This is a graduate-level course covering the advanced topics in the growing field of information retrieval (IR) where the goal is to study how to build intelligent software tools to help users management and make use of large amounts of unstructured (typically textual) data. The impact of IR research is most visible from the recent dramatic growth of the Web search engine industry, but applications of IR research also go beyond search engines to text data mining, and intelligent information systems in general. In this course, we will view IR as broadly related to all kinds of applications involving text data.
Text data include all kinds of natural language text such as web pages, news articles, scientific literature, emails, enterprise documents, and social media posts. In contrast to non-textual data which are usually generated by physical devices, text data are generated by humans and meant to be consumed by humans. Due to the rapid growth of text data, we can no longer digest all the relevant information in a timely manner. Thus there is a pressing need for developing intelligent software tools to help people manage and make use of vast amounts of text data (“big text data”) for various tasks, especially those involving complex decision-making.

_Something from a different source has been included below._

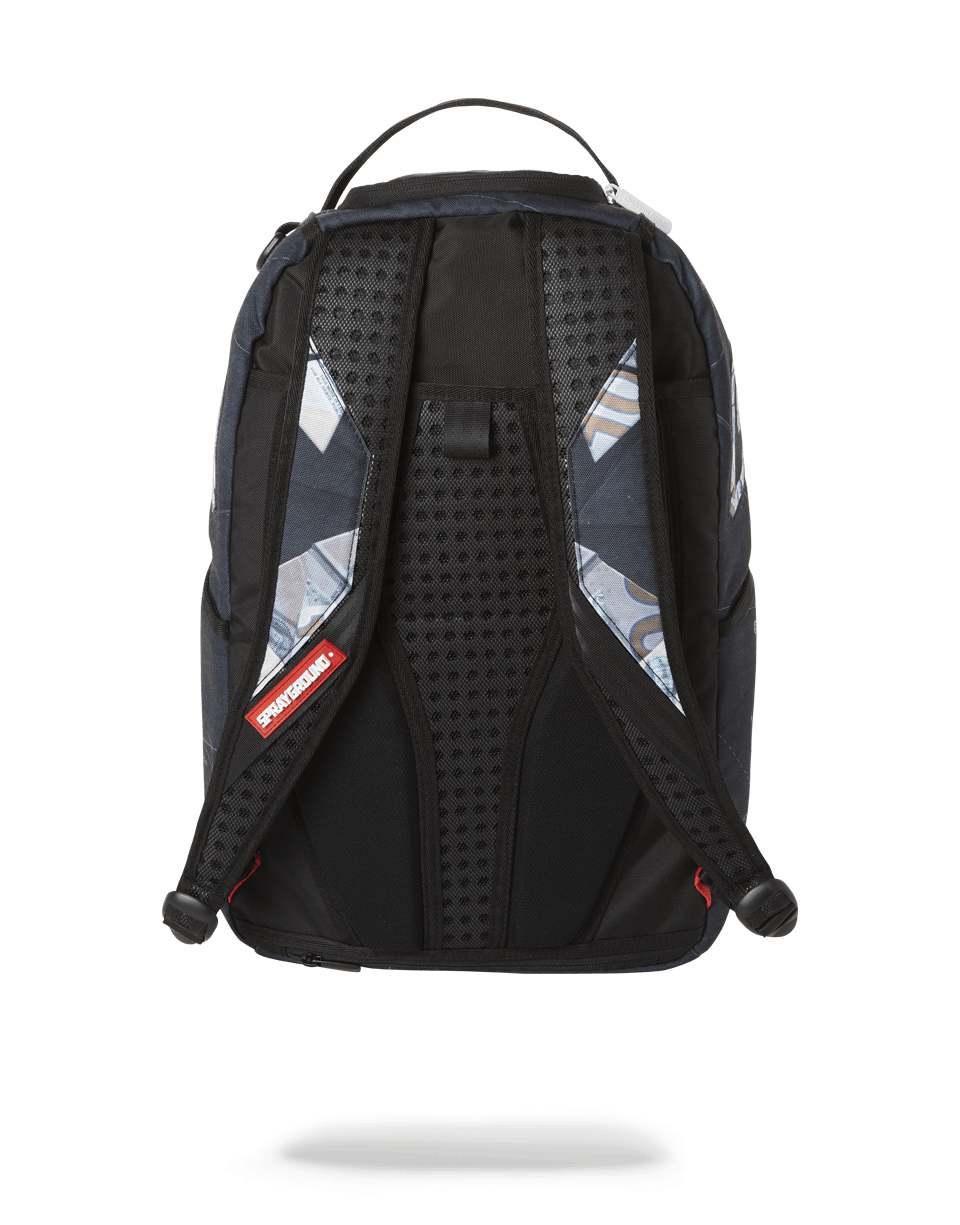 ORIGAMI SHARK BACKPACK (ONE OF ONE)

Logically, to harness big text data, we would need to first identify the relevant text data to a particular application problem (i.e., perform text data retrieval) and then analyze the identified relevant text data in more depth to extract any needed knowledge for a task (i.e. text data analysis). Due to the difficulty in natural language understanding by computers, the approaches that work well for text retrieval and text analysis tend to be statistical approaches, especially approaches based on statistical language models which provide a general and robust representation of text data and enable probabilistic and statistical inferences about their content. These approaches are general, robust, and can be applied to text data in any natural language and about any topics. As such, the language model-based approaches would be the focus of this course.
Specifically, this course will provide a systematic introduction to the statistical language models that have been applied to text data retrieval and analysis with an emphasis on thorough explanation of the most useful basic models and their applications so as to ensure students to have a solid understanding of them; programming assignments designed based on a modern text retrieval and analysis toolkit (i.e., MeTA) will enable students to obtain hands-on experience in implementing and experimenting with such basic models so that they will have sufficient knowledge and skills to apply them immediately to solve many real-world application problems. To provide the students with a broader picture of all the state of the art approaches, we will also briefly review representative advanced models and discuss the current trends in research. Students further have the opportunity to work on a course project on a topic of their choice to further extend their knowledge and skills in various ways, including implementing an advanced algorithm, developing a novel application system, or conducting original research on a frontier research topic.